Transcribe, exactly and without pictures, the lines below from the line with "Capacity - Metric and Customary units" to the line with "Ciemnoszary ręcznik bawełniany", both ends included, and no others.

● Input data

***

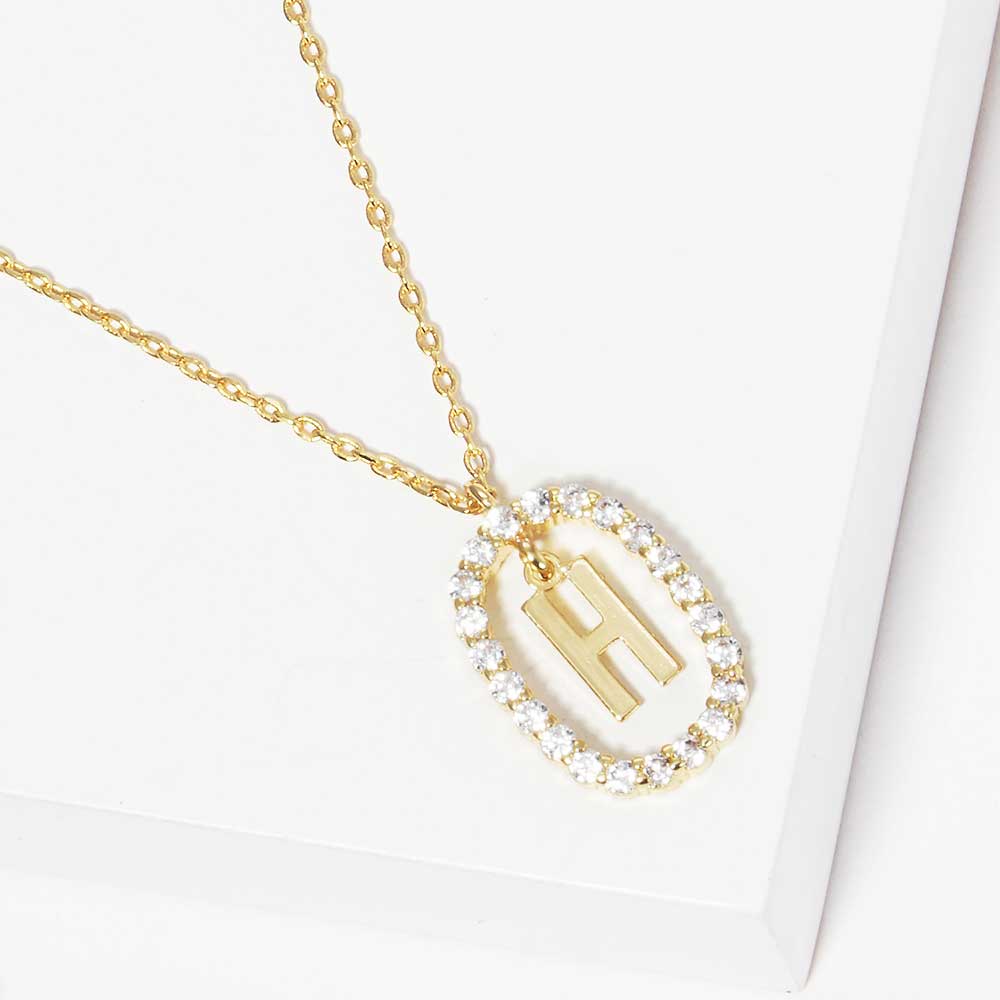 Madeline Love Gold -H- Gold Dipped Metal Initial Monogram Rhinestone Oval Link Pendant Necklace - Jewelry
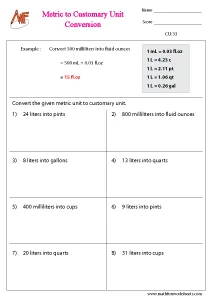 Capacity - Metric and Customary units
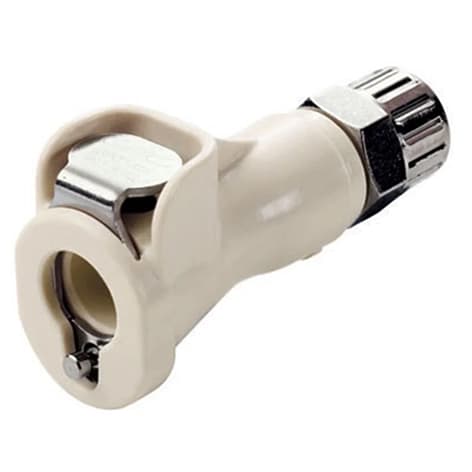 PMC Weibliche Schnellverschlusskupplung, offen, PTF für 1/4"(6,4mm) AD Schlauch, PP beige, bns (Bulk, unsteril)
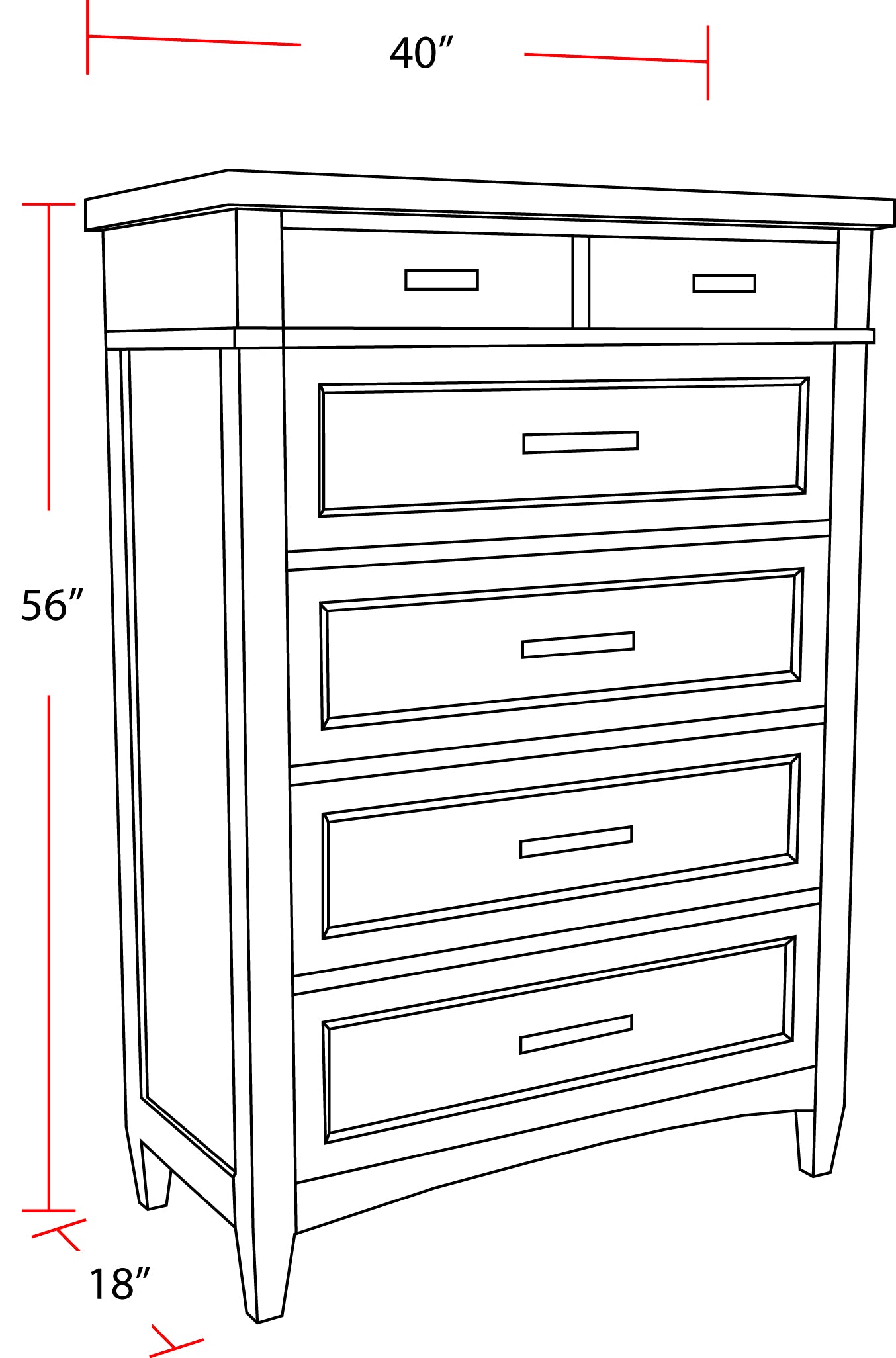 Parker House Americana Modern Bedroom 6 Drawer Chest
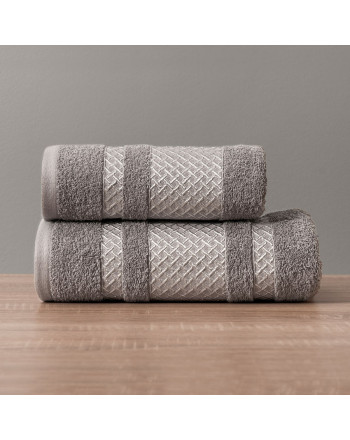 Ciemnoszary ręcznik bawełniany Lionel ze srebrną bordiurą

***

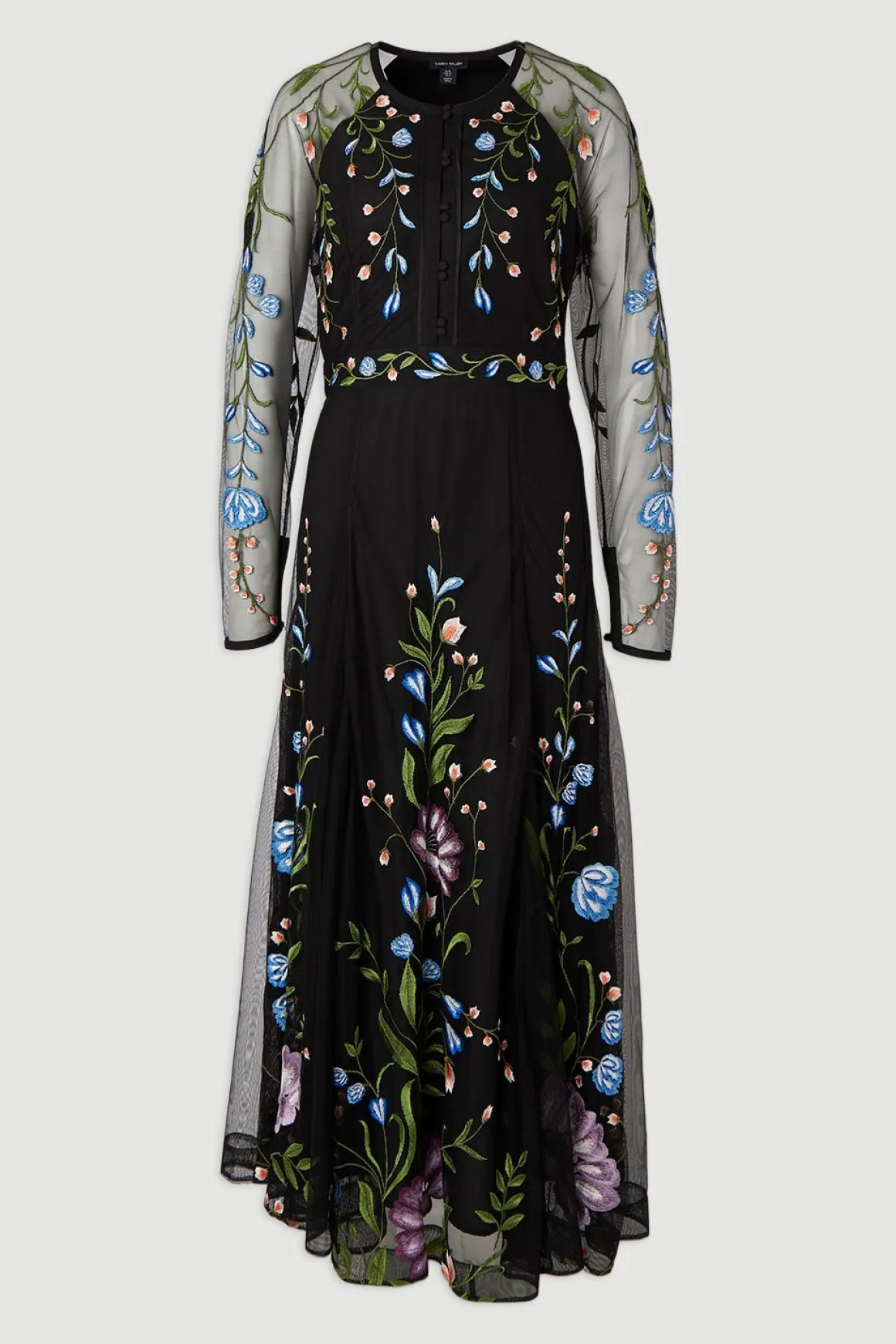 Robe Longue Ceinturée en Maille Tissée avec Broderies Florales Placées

***

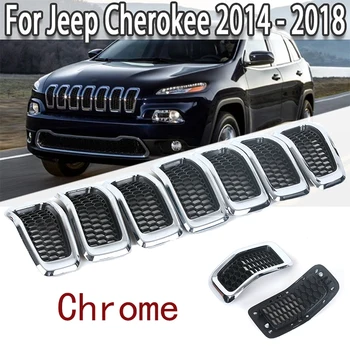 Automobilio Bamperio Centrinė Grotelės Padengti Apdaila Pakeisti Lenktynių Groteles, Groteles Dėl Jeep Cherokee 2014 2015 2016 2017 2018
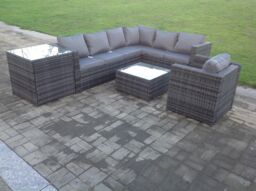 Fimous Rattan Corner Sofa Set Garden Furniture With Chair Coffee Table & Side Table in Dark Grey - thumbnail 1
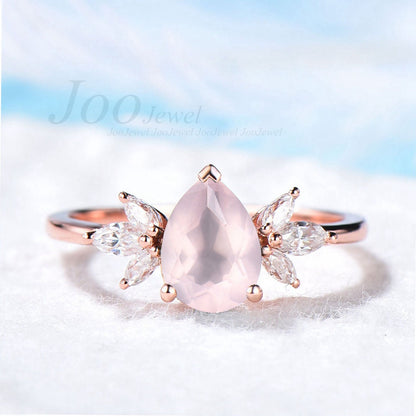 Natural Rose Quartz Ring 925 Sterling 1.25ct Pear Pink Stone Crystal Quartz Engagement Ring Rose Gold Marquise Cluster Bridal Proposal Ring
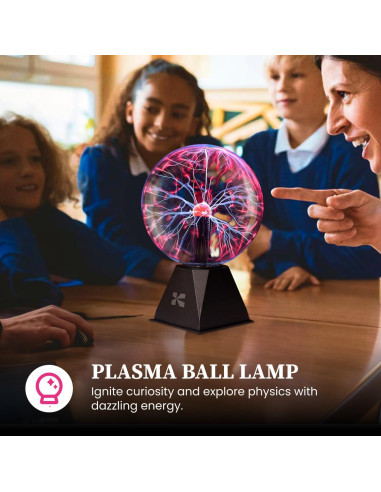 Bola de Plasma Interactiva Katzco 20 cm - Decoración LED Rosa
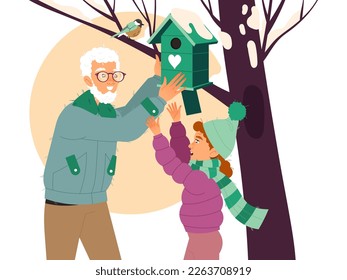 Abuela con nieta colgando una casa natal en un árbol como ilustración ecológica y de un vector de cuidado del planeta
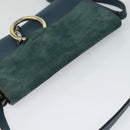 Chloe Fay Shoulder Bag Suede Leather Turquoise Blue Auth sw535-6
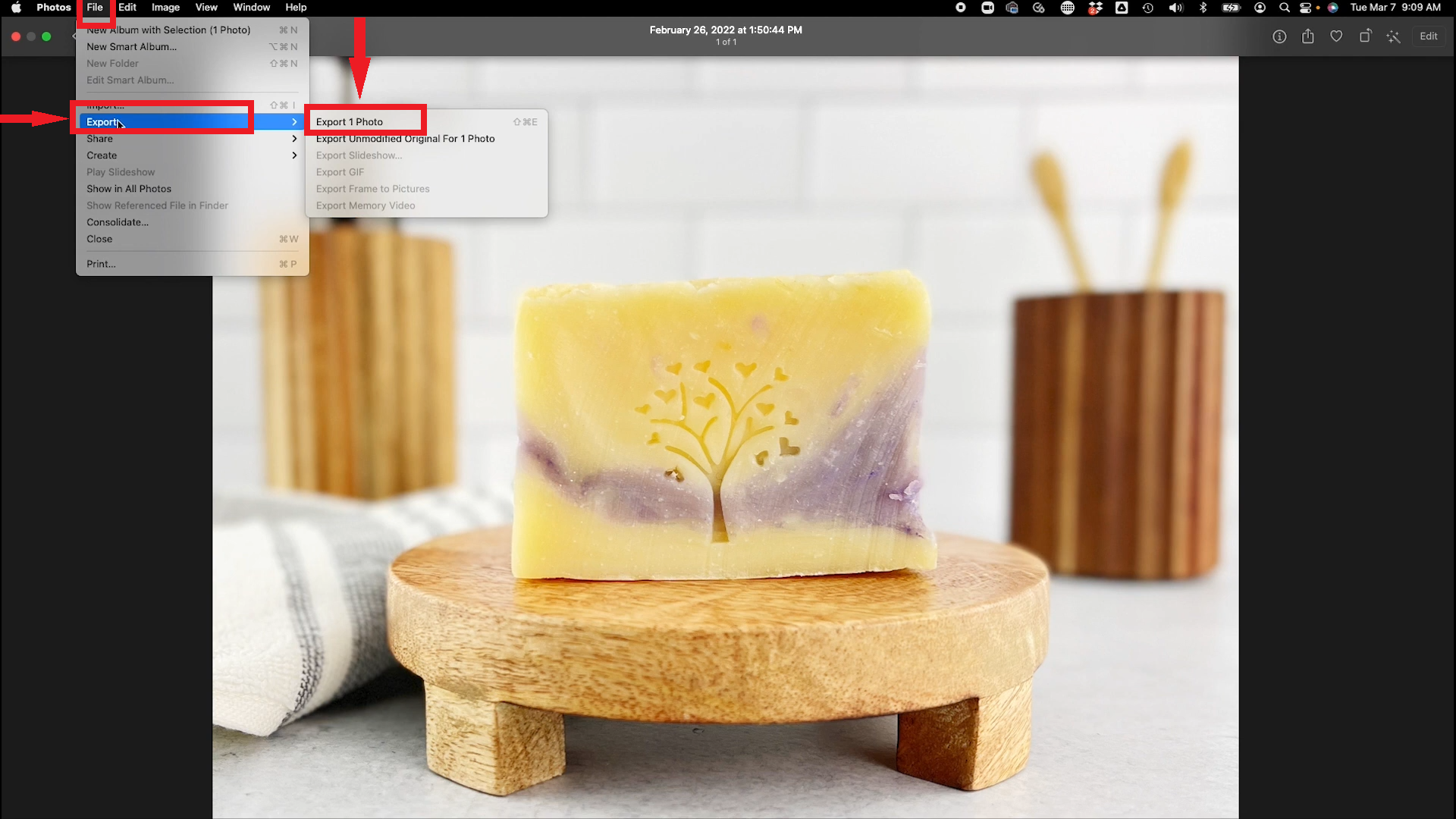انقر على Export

***

● Expected answer
 Capacity - Metric and Customary units
 PMC Weibliche Schnellverschlusskupplung, offen, PTF für 1/4"(6,4mm) AD Schlauch, PP beige, bns (Bulk, unsteril)
 Parker House Americana Modern Bedroom 6 Drawer Chest
 Ciemnoszary ręcznik bawełniany Lionel ze srebrną bordiurą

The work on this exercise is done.